En 2018, l’EARL des Gibert a effectué des investissements dans les équipements et les installations de production. « En acquérant cette machine, notre principale préoccupation était d’atténuer la pénibilité du travail, explique Jean-Baptiste, étant donné que le fait de fermer plus de 25 000 bouteilles par an devenait pénible. À l’époque, il y avait deux postes à temps plein au sein de l’exploitation », poursuit-il. Avec l’accroissement du volume de production, il était devenu impératif de franchir un palier en passant à une production assistée par des équipements industriels. À cela s’est ajoutée l’installation de panneaux solaires d’une capacité de 100 kilowatts sur le toit d’un hangar.
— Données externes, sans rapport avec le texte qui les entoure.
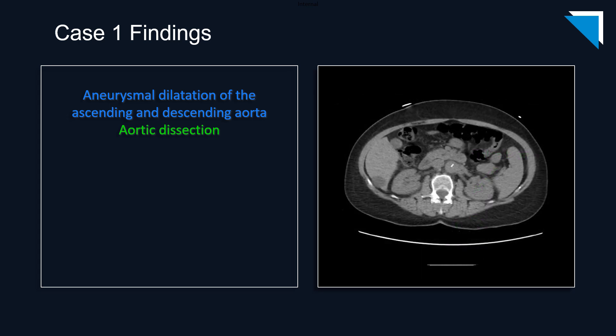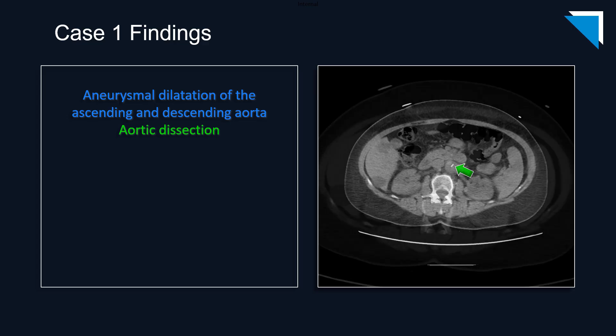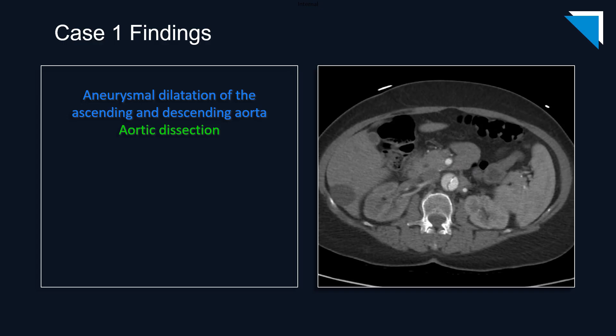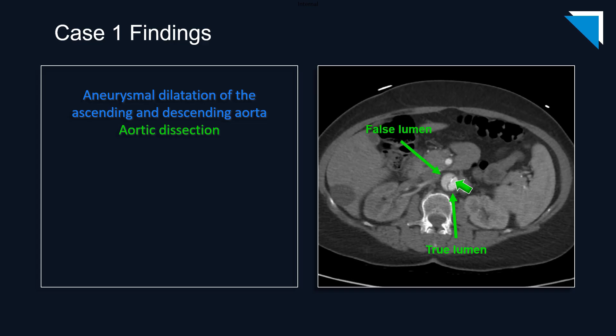This non-contrast axial image at the level of the descending abdominal aorta reveals another focus of displaced intimal calcium, which is again visible in association with the dissection flap on the post-contrast images. Here again, we can see the true lumen of the dissection. At this level, it is on the left posterolateral aspect of the aorta, with the false lumen being slightly less opacified along the right anterolateral aspect of the aorta.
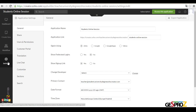We have the administrator user, who creates the application or possesses it in their own portal. This user has access to the configuration and can configure it, can add elements, create previews, and create views.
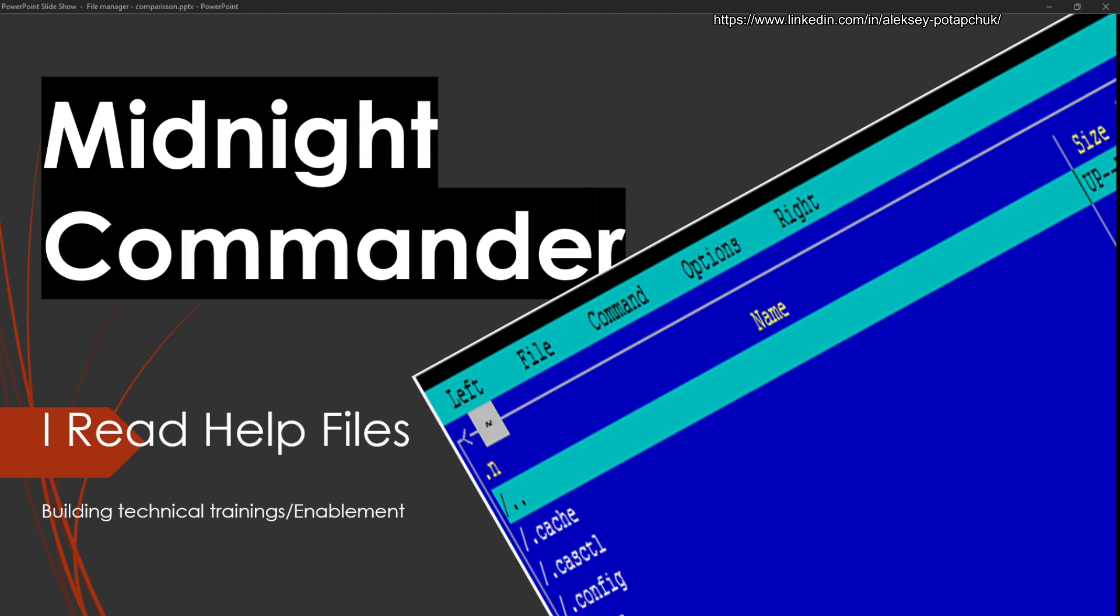How's it going, everybody? So today it's going to be a very interesting video because we're going to compare a tool that I would normally not use, but then I found out that I desperately need it. And the tool, well, you see it's Midnight Commander there.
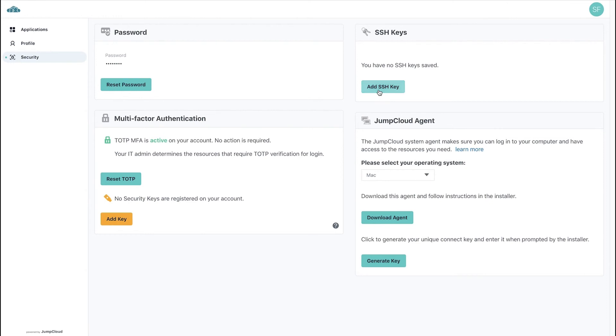Linux users can also add and store their SSH keys within the JumpCloud User Portal in the top right.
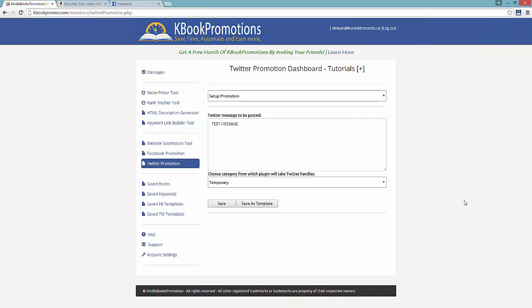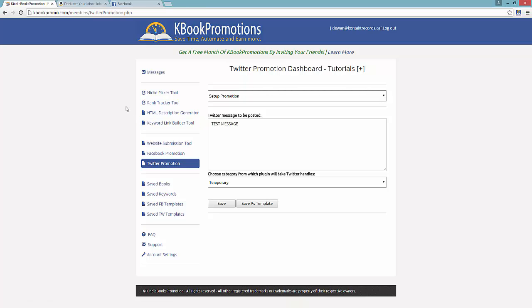So overall, this is the setup of the features. We'll be adding a ton more features as we go. But this gives you an idea of the total solution that Kbook Promotions is — you've got the Niche Picker tool, the Rank Tracker tool, the HTML Description Generator and Keyword Link Builder tool, the Website Submission tool, and then Facebook and Twitter. Really, this is an all-in-one solution that is saving a huge amount of time, especially if you start using all of the features. I really hope this helps. If you guys have any questions, feel free to post on this video or hit us up on our Facebook group. We're really looking forward to serving you guys long term — this is an enormously powerful software. Thanks so much.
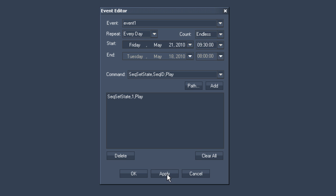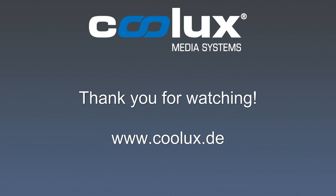In the end, simply apply your chosen command settings. Thank you for watching this Koolux tutorial.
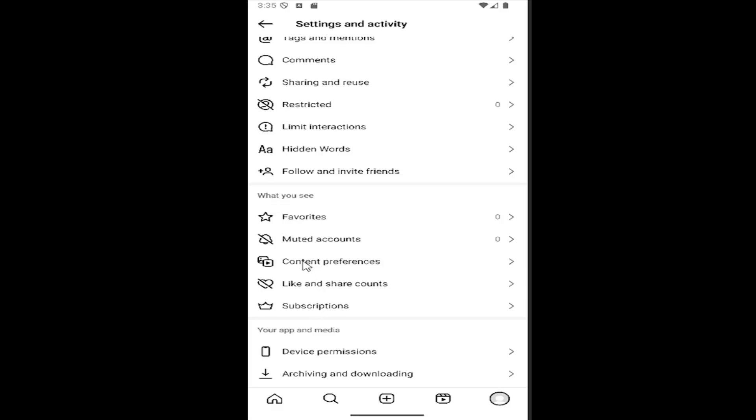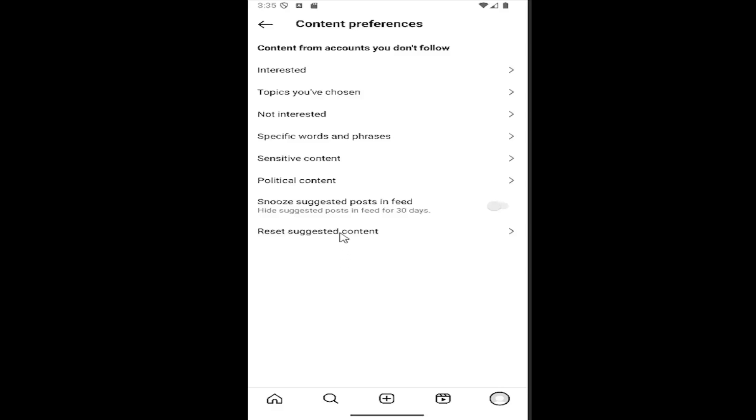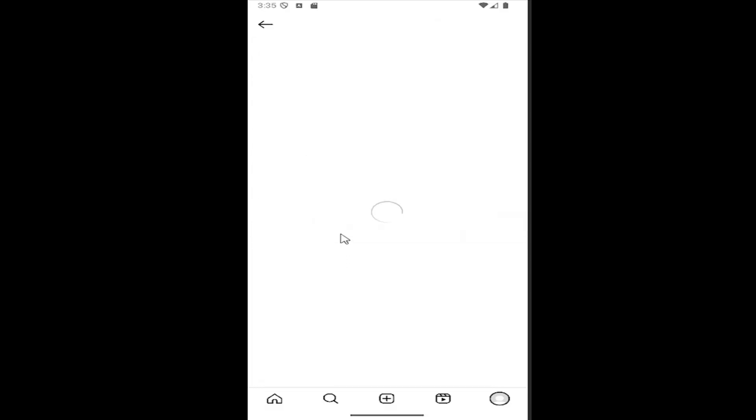Select the 'Content preferences' entry. There should be an item that says 'reset suggested content.' Go ahead and select that and then walk through the steps of resetting your suggestions. That's pretty much it.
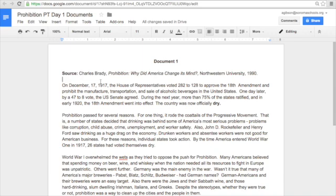All of us have asked you throughout the year to annotate documents, primary or secondary, in class, typically by giving you a copy of the document, and then you're using highlighters, pens, pencils to complete that annotation. Well, in this case, with our Prohibition performance task, we're going to ask you to annotate these documents using Google Docs.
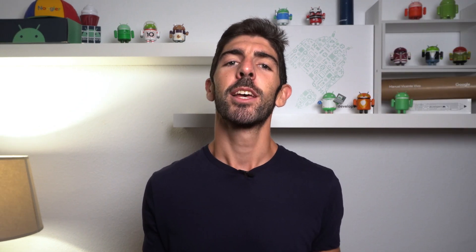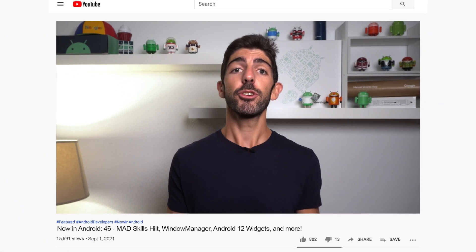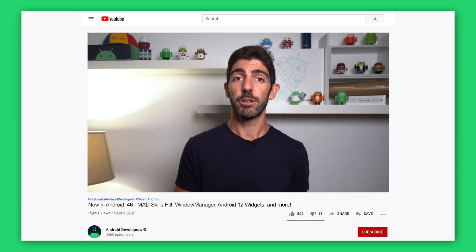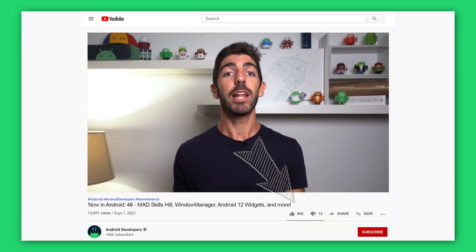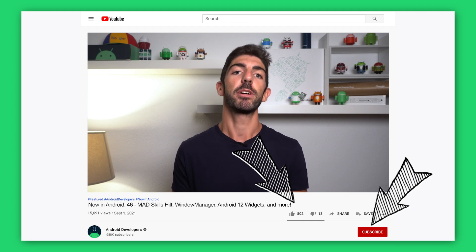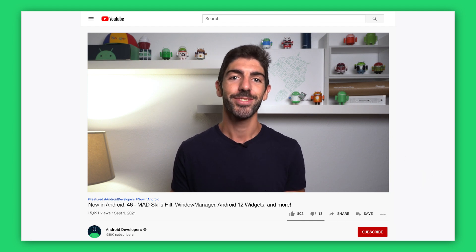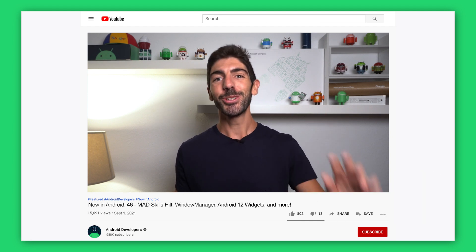And that's it for this time. You can find all the links to the content mentioned in the Now in Android episode 46 blog post on Medium. And to get notified about future episodes, don't forget to like and subscribe to the Android Developers YouTube channel. Talk to you soon.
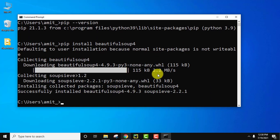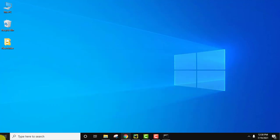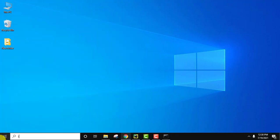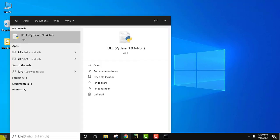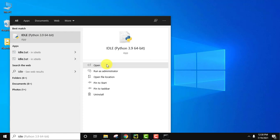Beautiful Soup is now installed. Let's verify the installation and open IDLE to run our first Beautiful Soup program. Minimize the terminal, go to Start, type IDLE. Since we installed it with Python it appears here — click Open.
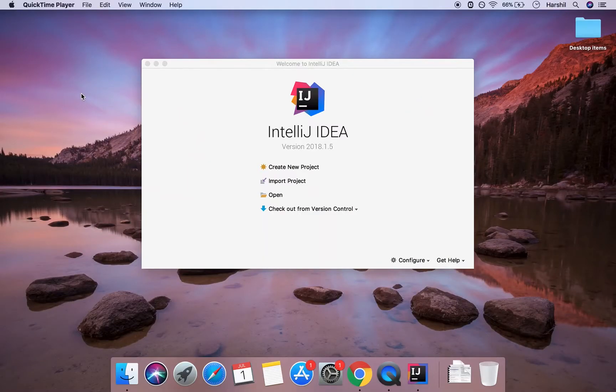In this video we'll be looking at the components that went into writing the Hello World program that we wrote in the last video, as well as looking further into the Java data types and the structure of a Java program. So let's start off.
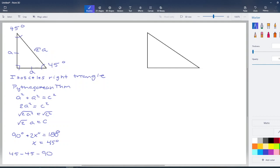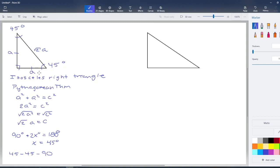Isosceles right can be kind of a mouthful, so a lot of times people will simply refer to this triangle as the 45-45-90 triangle, referring to those angle measures. We're definitely going to need this information about the measures of those angles, but even more importantly, how the three sides are related to one another will come up a lot for us.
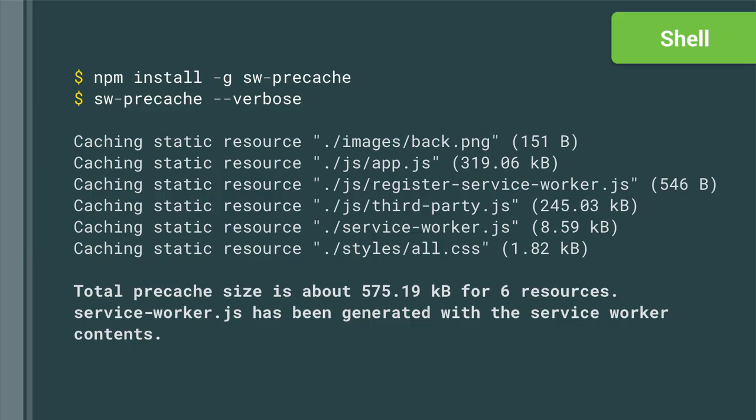It's got good best practices built in, works really well on its own, and also plays well with Gulp, Grunt, or whatever build tool you use — because it's just a Node module.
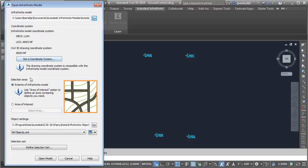I will then come down to Selection Area. This is where we select the area from our model that we'd like to extract data. We can do it via Extents or a smaller area of interest. I'm going to go with Extents in this case. I'm not going to make any adjustments to the object settings. I am going to do one more thing though. I'll choose Refine Selection Set.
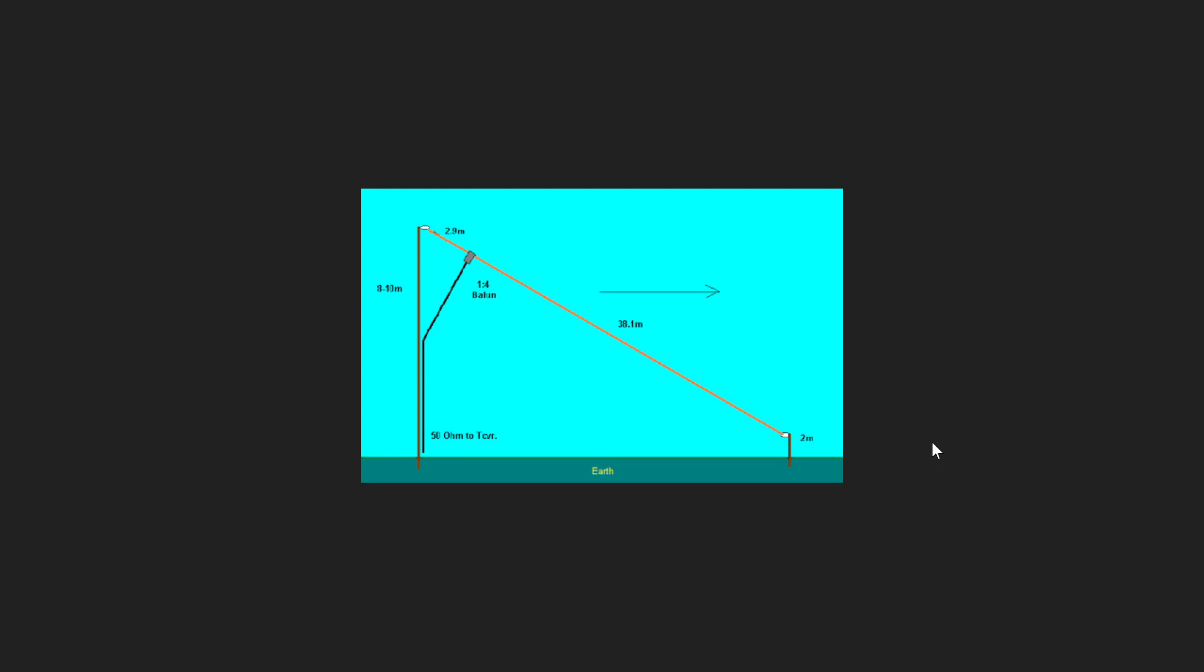And at the other end it goes all the way up to the corner of my balcony here at the third floor and so it has that angle to it which makes it a sloper. So a sloper antenna is simply a wire but a wire that is at an angle, lower at one end than at the other.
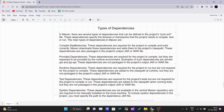The second type is provided dependencies. These are required for the project to compile, but they are expected to be provided by the runtime environment. Examples include the Servlet API and JSP API. Unlike compile dependencies, provided dependencies are not packaged in the project's JAR or WAR file.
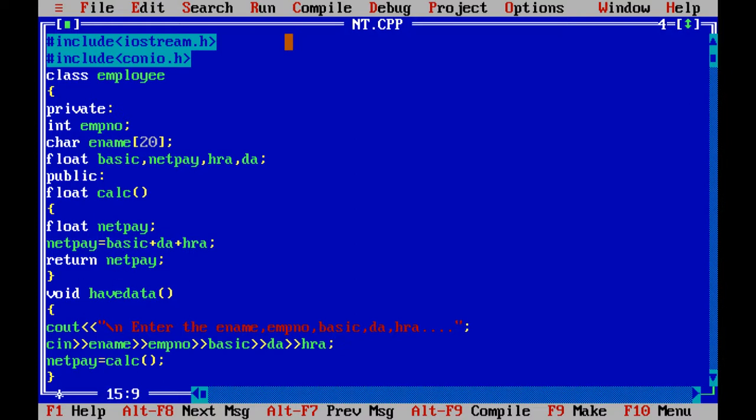Void cout: enter the name, ename, and employee number, basic pay, DA, HRA. C in: employee ename, e number, basic, DA, HRA. Calculate the netpay equals calculate. Let me watch, calculate, just to call the function.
Transformer de la moutarde, son prochain projet

L’innovation est chère à la famille Gibert. Jean-Baptiste ne souhaite pas s’arrêter aux activités de transformation de jus et de soupe. Actuellement, il réfléchit à de nouvelles productions à transformer. « Nous prévoyons d’entreprendre une étude sur la culture de la moutarde, de différentes variétés de courge et sur la sélection variétale », indique Jean-Baptiste, en vue de produire pour des marchés de niche. En ce qui concerne la culture de la moutarde, les Gibert ont déjà commencé les recherches et envisagent de passer bientôt à l’étape des semis. « D’ici un an, nous aurons les premières récoltes de moutarde du Quercy, caractérisées par un subtil mélange d’argile et de cailloux », déclare Jean-Baptiste.

Un JA au grand cœur

« J’ai été amené à rejoindre le réseau Solaal (association de dons alimentaires) par le biais de JA, car c’est une cause qui me touche. » Chaque année, Jean-Baptiste collecte des produits qui approchent de leur date limite et les remet à Solaal qui se charge de les distribuer à des associations caritatives partout en France. Économiquement, ce don lui permet de défiscaliser la valeur totale de ses produits. « Mon aversion pour l’injustice est profonde, ce qui justifie mon engagement précoce dans les activités syndicales et caritatives. Nous refusons catégoriquement toute forme d’injustice et sommes prêts à nous retrousser les manches pour les résoudre », affirme le JA. Une approche qui s’aligne avec sa philosophie d’achat, et avec ses activités annexes, telle que son engagement syndical. « C’est ainsi que l’agriculture prend toute sa splendeur, et c’est de cette manière qu’elle pourra prospérer », souligne-t-il.